When delving into the world of electronic signatures, it is almost unavoidable to come across the topic of different electronic signature formats. Today, there are numerous European standard solutions (e.g. CMS-based CAdES and PAdES signatures or, more recently, the JSON-based JAdES format), but the most commonly used format is still XAdES (XML Advanced Electronic Signature) that is based on the XML file format. As an electronic signature user, electronically signed documents are typically viewed with an electronic signature handling application.

However, this article is intended for electronic signature professionals who are also interested in what is "under the hood," i.e. what can be found in an electronic signature file. This article provides an overview of how an XAdES signature is constructed and what types of XAdES signatures exist.

The baseline levels and components of XAdES are defined by the ETSI EN 319 132-1 standard, while the extended XAdES levels are defined by the ETSI EN 319 132-2. An electronic signature that meets the XAdES standard can be created at different levels, depending on whether the signature only contains the most basic data or also contains additional information. Accordingly, we distinguish between XAdES-B (Basic), XAdES-T (Timestamp), XAdES-LT (Long-Term data) and XAdES-LTA (Long-Term data with Archive timestamp) signatures. Of these, the -LT level is relatively rarely encountered in practice, so the following will focus on the -B, -T, and -LTA levels.

Each level has an attached signed document in the e-dossier (.es3) format, each of which contains a XAdES signature. These can be opened with a simple text editor, and the characteristics of each level can be observed in the ds:Signature element.

XAdES-B

The XAdES-B, or basic level, contains the most basic elements that an electronic signature must contain, i.e. only the identifier of the algorithms used, the signer's certificate, and in the case of EPES (Explicit Policy based Electronic Signature - see ETSI EN 319 132-2), the signature policy identifier appear in the signature. In addition, the signature timestamp, location, type of commitment, signer's role and format of the signed document can be given as optional.

Since a timestamp is not placed in signatures created at the XAdES-B level, it is important to note that the validity of the signature is limited only to the validity period of the certificate used for creation. This period is currently three years in Hungary for qualified electronic signatures. To make our signature valid beyond this time, it is necessary to place a timestamp on the signature as well.

[B.es3]

In the example, the identifier of the signature algorithm is the value of the Algorithm parameter within the ds:SignatureMethod element (i.e. ecdsa-sha256), and the PEM-encoded certificate can be found in the <CertificateValues> child element of the last ds:Object.

XAdES-T

A XAdES-T, or timestamp level, contains all of the basic elements of XAdES-B, but in addition to this, a timestamp is placed on the signature, which proves that the given file existed at the given time (that is, at the moment of timestamping).

Since the certificate of the time stamp authority is usually issued for a longer period (up to more than 10 years) than the signer's certificate, the timestamped electronic signature also has a much longer validity period than in the case of XAdES-B. In the case of timestamping authority certificates, the responsibility of the service provider is to issue these using a cryptographic algorithm that is sufficiently secure in the long term. Currently, algorithms that use elliptic curve cryptography (ECC) are considered to be such. Therefore, it is recommended that in practice we create at least a XAdES-T level (i.e. containing a time stamp) electronic signature on our documents.

[T.es3]

In the example, the value of the timestamp can be found as the value of <SignatureTimeStamp> within the last ds:Object element.

XAdES-LTA

XAdES-LTA (Long-Term Data with Archive Timestamp) signatures contain additional information compared to XAdES-T level elements, such as revocation information regarding the signer's certificate, the time stamps on them, the complete certificate chain of the signer's certificate and that of the provider issuing the revocation information, the complete certificate chain of all time stamp providers and all revocation information for each element of the certificate chain. These are protected by an external, so-called archive time stamp.

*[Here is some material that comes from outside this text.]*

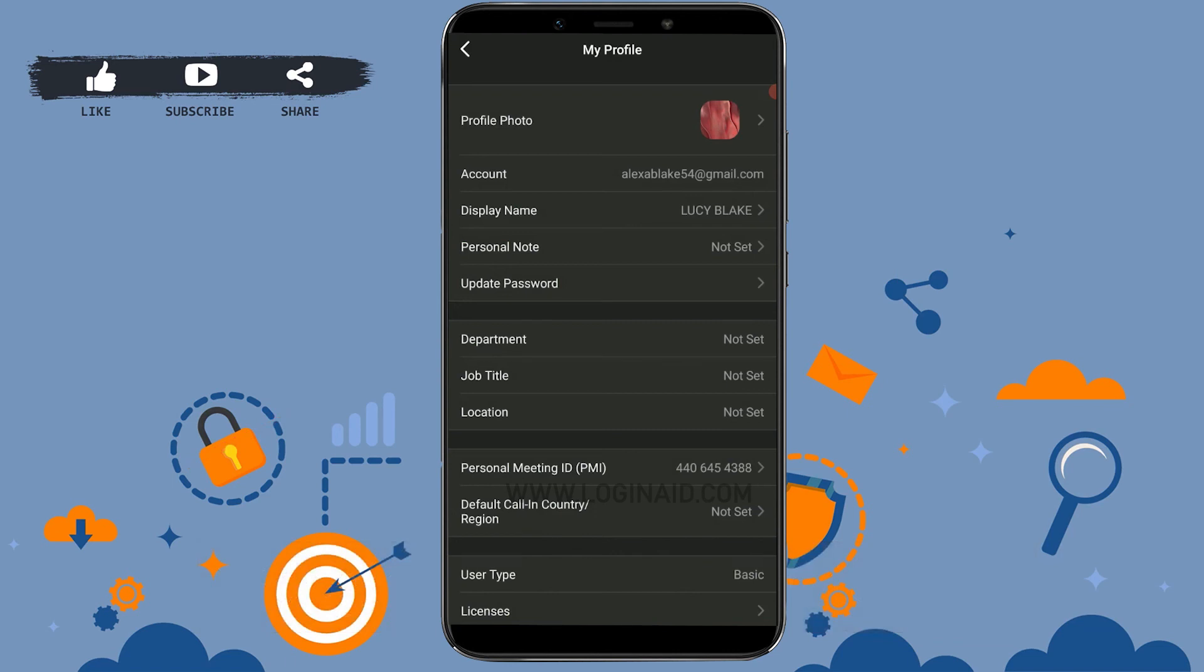This is how you can easily change your name on Zoom, as only the display name will get changed. Hope this video was useful.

This type of signature already contains all the data that can be obtained after the signature is created to facilitate future validation, but some information must still be obtained when the LTA signatures are checked later (e.g. whether the cryptography algorithm used has not become obsolete or whether the key of the time stamp authority that created the archive time stamp has not been compromised).

Due to the possibility of cryptographic weaknesses, a new archive time stamp must be placed on the signature before any occur, requiring regular "maintenance" of the archive signature. This can be done by the signer independently, but it can be costly and involves great responsibility and continuous tasks. A simpler solution is for a qualified archiving service provider to perform this task, not only freeing the user from responsibility, but also providing legal protection in case of litigation, as in the case of "independent" archiving, the archiver must prove that they acted properly in archiving the files, while in the case of a certified archiving service provider, this is presumed.

[LTA.es3]

If we open the attached example, we can see that it is already more extensive at first glance than the previous two. We can see numerous certificates in the <EncapsulatedX509Certificate> elements, and we can discover the revocation information (in this case OCSP information) in the values within the <RevocationValues> element, which is immediately followed by the <ArchiveTimeStamp> element containing the archive timestamp.